Get a machine with more memory. If you are hitting the limitations of a 32-bit machine architecture, get a 64-bit machine and recompile SRILM to take advantage of the expanded address space. (The MACHINE_TYPE=i686-m64 setting is for systems based on 64-bit AMD processors, as well as recent compatibles from Intel.) Note that 64-bit pointers will require a memory overhead in themselves, so you will need a machine with significantly, not just a little, more memory than 4GB.

(2) using IRSTLM

Training a language model from huge amounts of data can be definitively memory and time expensive.

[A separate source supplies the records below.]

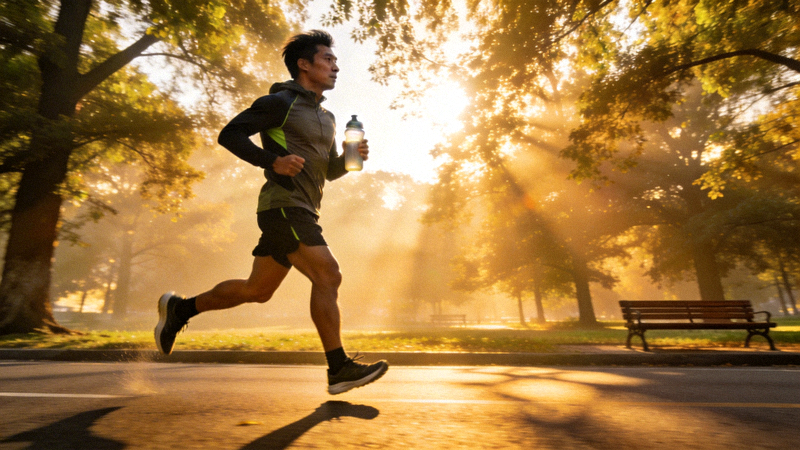 跑者正在城市公园道路上进行马拉松训练，背景是清晨的阳光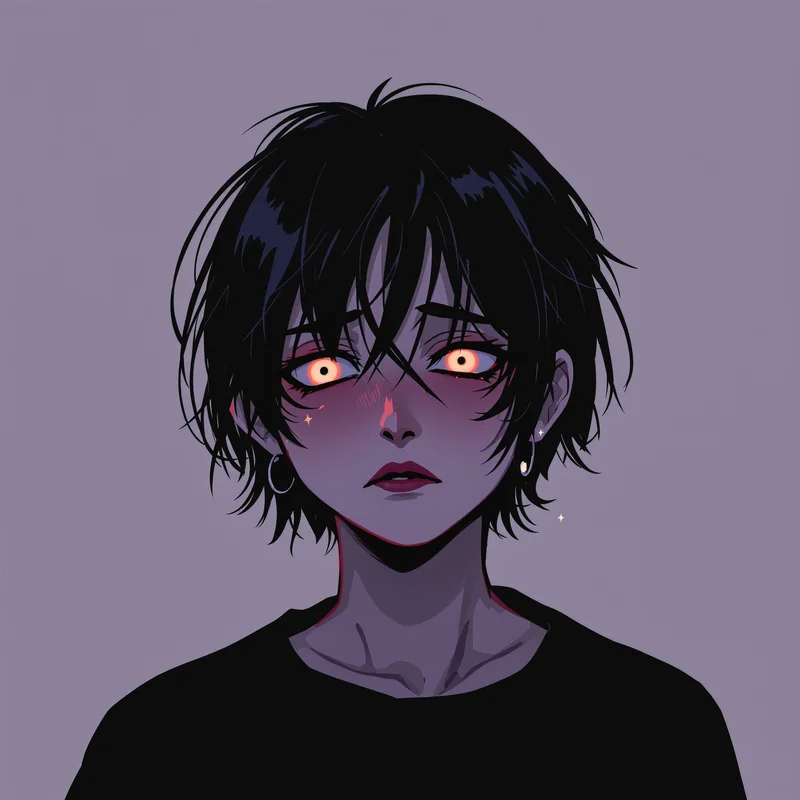 alt emo icon with muted colors for social media avatar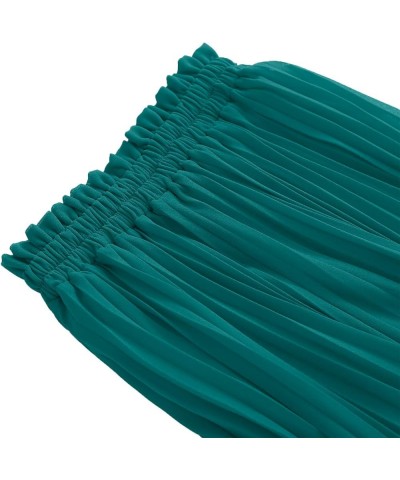 Women's Pleated A-Line High Waist Swing Flare Midi Skirt Teal $16.66 Skirts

The IRSTLM toolkit features algorithms and data structures suitable to estimate, store, and access very large LMs. IRSTLM is open source and can be downloaded from here.

Typically, LM estimation starts with the collection of n-grams and their frequency counters. Then, smoothing parameters are estimated for each n-gram level; infrequent n-grams are possibly pruned and, finally, a LM file is created containing n-grams with probabilities and back-off weights. This procedure can be very demanding in terms of memory and time if applied to huge corpora. IRSTLM provides a simple way to split LM training into smaller and independent steps, which can be distributed among independent processes.

The procedure relies on a training script that makes little use of computer memory and implements the Witten-Bell smoothing method. (An approximation of the modified Kneser-Ney smoothing method is also available.) First, create a special directory stat under your working directory, where the script will save lots of temporary files; then, simply run the script as in the example: -i "gunzip -c corpus.gz" -n 3 -o train.irstlm.gz -k 10 

The script builds a 3-gram LM (option -n) from the specified input command (-i), by splitting the training procedure into 10 steps (-k). The LM will be saved in the output (-o) file train.irstlm.gz with an intermediate ARPA format. This format can be properly managed through the compile-lm command in order to produce a compiled version or a standard ARPA version of the LM.

For a detailed description of the procedure and of other commands available under IRSTLM please refer to the user manual supplied with the package.